I noticed some activity, and the flicker of a fire, through what appeared to be an open loading dock door, so in I ventured. On both side of me, people quietly sat at wooden tables, shucking oysters, and swilling beer out of cans. The propane burners were intensifying as I approached a man tending to a number of large steam boilers. Next to him, was a mountain of beautiful oyster clusters that looked as if they had been harvested that morning? The coloration of the clusters was that of earth tone grays along with fresh organic greens. The smell of sea salt emanated from the steamer lids as the cook lifted a huge serving of perfectly cooked shell fish onto a woman’s serving tray.
“I’ve been coming here for my entire life,” the female patron explained, as she began telling me about the history of the place. “I can still find my name that I wrote upon a wooden plank way back in the early eighties,” she exclaimed. The original restaurant was built in 1946 on the site of an old fish camp. In 2006, a fire destroyed much of the building and the owner vowed to build a new structure directly on top the remains of the old one, and clearly it appears that way today. “Go upstairs to the bar, and pick up a ticket for some oysters and order some for yourself,” she said. “How do I get to the bar?” I asked, to which she answered “you go through there!”
Down a dark hallway, was an even darker doorway that opened to the back of the building? When I finally opened the door, the wind that the rain almost blew me over, as the storm continued to rage outside. I climbed a flight of stairs on the outside of the building, with the rain and wind criticizing me as I moved, as if saying “enter at your own risk!” As I entered the top level, my eyes rested upon the warmth of a wonderful vision, an actual restaurant!

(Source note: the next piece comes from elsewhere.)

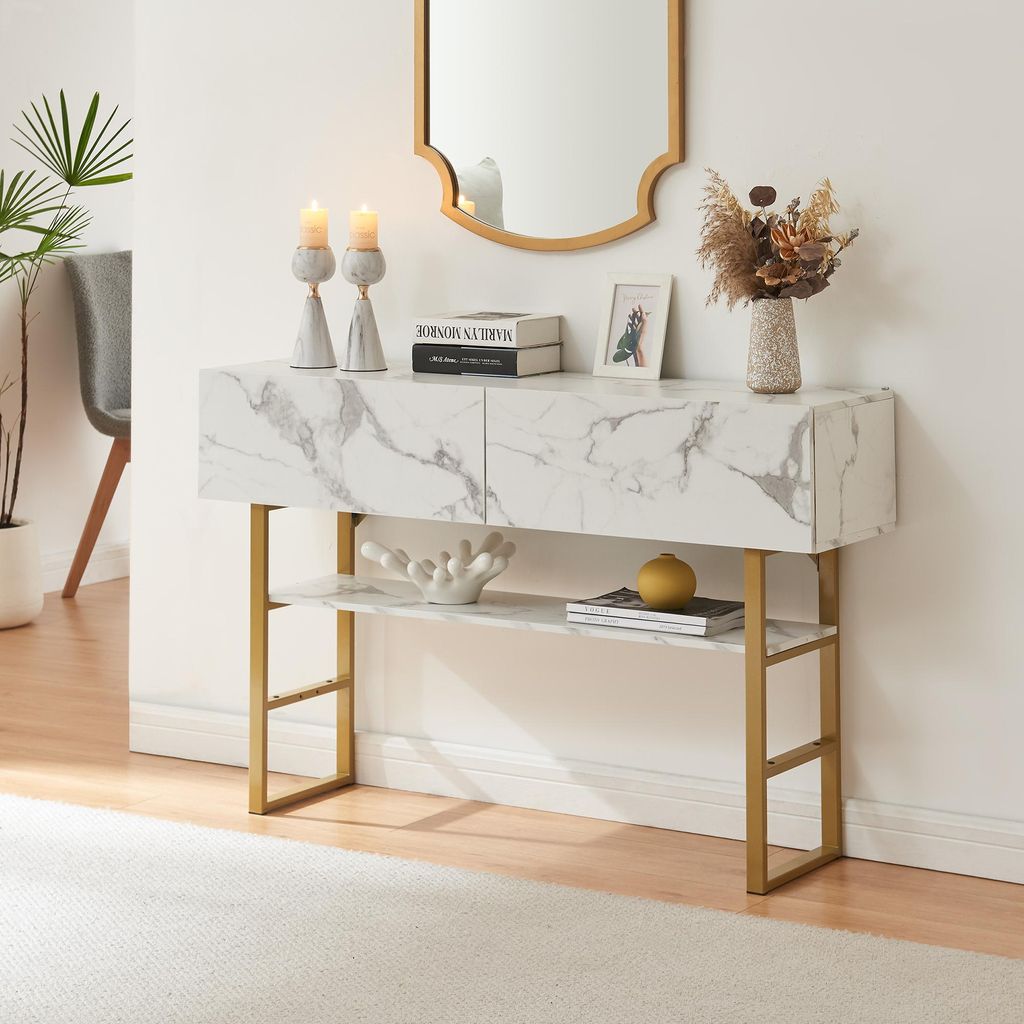A console table with a marble-like finish and gold legs, decorated with candles, books, a vase with dried flowers, and a decorative object.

Now let me pause here by saying that every day, restaurants all over the world desperately try to capture ambiance. Some hire design consultants in an effort to make a dining establishment inviting. Some ideas work, some don’t, but most good creations, never last. Restaurants, like apartments, condos, and houses, either have it or they don’t, and you know it as soon as you enter. It’s the smell, the lighting, the seating, the staff, the pictures, and perhaps the ghostly spirits that inhabit the area. Some restaurants actually have no souls, no spirits, and no ambiance at all, but spend millions of dollars trying to create it. Some establishments appear to have ambiance, but the patrons either don’t see it or appreciate it. How ambiance is created is a total mystery, and most importantly, how do they retain it?
As I opened the rickety screen door, on the upper deck, I entered a totally different world. All at once, almost all of my senses were stimulated, sights, sounds, smell, and the feeling of warmth. The floors were wood, the room was large and wide, the tables were full of food and people. Lively conversation between fashion-conscious, Charleston women, sipping cosmopolitans, white wine and dark beer, while young men in Gamecock shirts were tilting cans of Bud Light. A huge tray of comfort food appeared on the bar in front of me, staged for consumption by the people to the left of me. Fried fish, shrimp, crab cakes, fried oysters, shrimp and grits, Frogmore Stew complete with corn, potatoes and smoked sausage.

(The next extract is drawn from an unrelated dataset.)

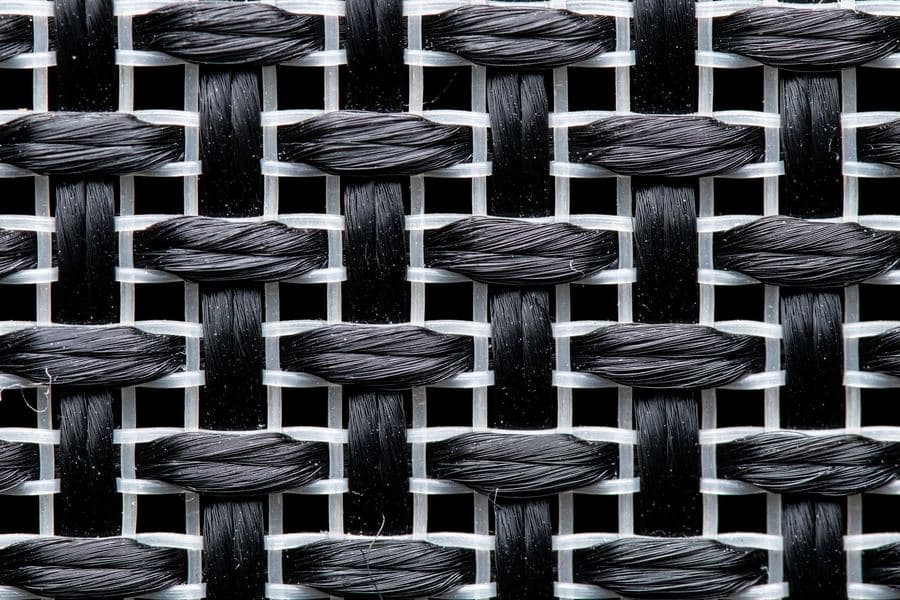 Close-up of dense knitted shade fabric showing the tape and monofilament weave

There was only one place for me to go, and that way was forward, directly to the bar. A beautiful blond bartender appeared like an angel, greeting me with a smile, as I instantly made myself comfortable on the bar stool. “Would you like to try our Bowens Island Oyster Beer?” She asked, “Sure, I said”, thinking she could have sold me a can of dirt. She poured a dark porter into a pint glass and assured me that the beer was not made from oysters, but it was actually a proprietary name given to them by the local Holy City Brewing Company.
Now back to my thought about ambiance, cleanliness plays a big part. Eating establishment can be rustic, complete with graffiti, and paper menus, but they must envelope at least some spectrum of organized cleanliness. This bar was clean and complete with almost every wine and beer selection needed. High tech point of sale computer terminals, were simply part of their work flow infrastructure. Judging by the clean and well organized bar, one could only imagine that the kitchen in the back followed suit. This is the sort of intuitive perception I have gained through the years as I have visited the both the great and horrible all over the world. You know it when you see it.
After a minute, while of reading the small paper menu, that include only a limited but complete number of choices like Frogmore Stew, and She Crab Soup, I decided on the oysters. The bartender handed me a colored order ticket and dropped a tin bucket at the base of my bar stool, and down the stairs I went.
“Hello!” I said as I reentered the ground floor cellar, that reminded me of an engine room on a submarine. A young gentleman politely greeted me and told me to place my order ticket in a nearby basket. Then he went to work, shoving one end of what looked like a small snow shovel, under a huge mountain of oysters and dropped them into a large round steam basket. As other boilers were cooking at the same time, he turned the propane up high on a vacate one and dropped the basket into the steaming depths of the basin. “How much water do you use?” I asked, as he tightened the lid on top. “Just a few inches,” he said, “the more oysters you cook, the more naturally salty the water becomes”.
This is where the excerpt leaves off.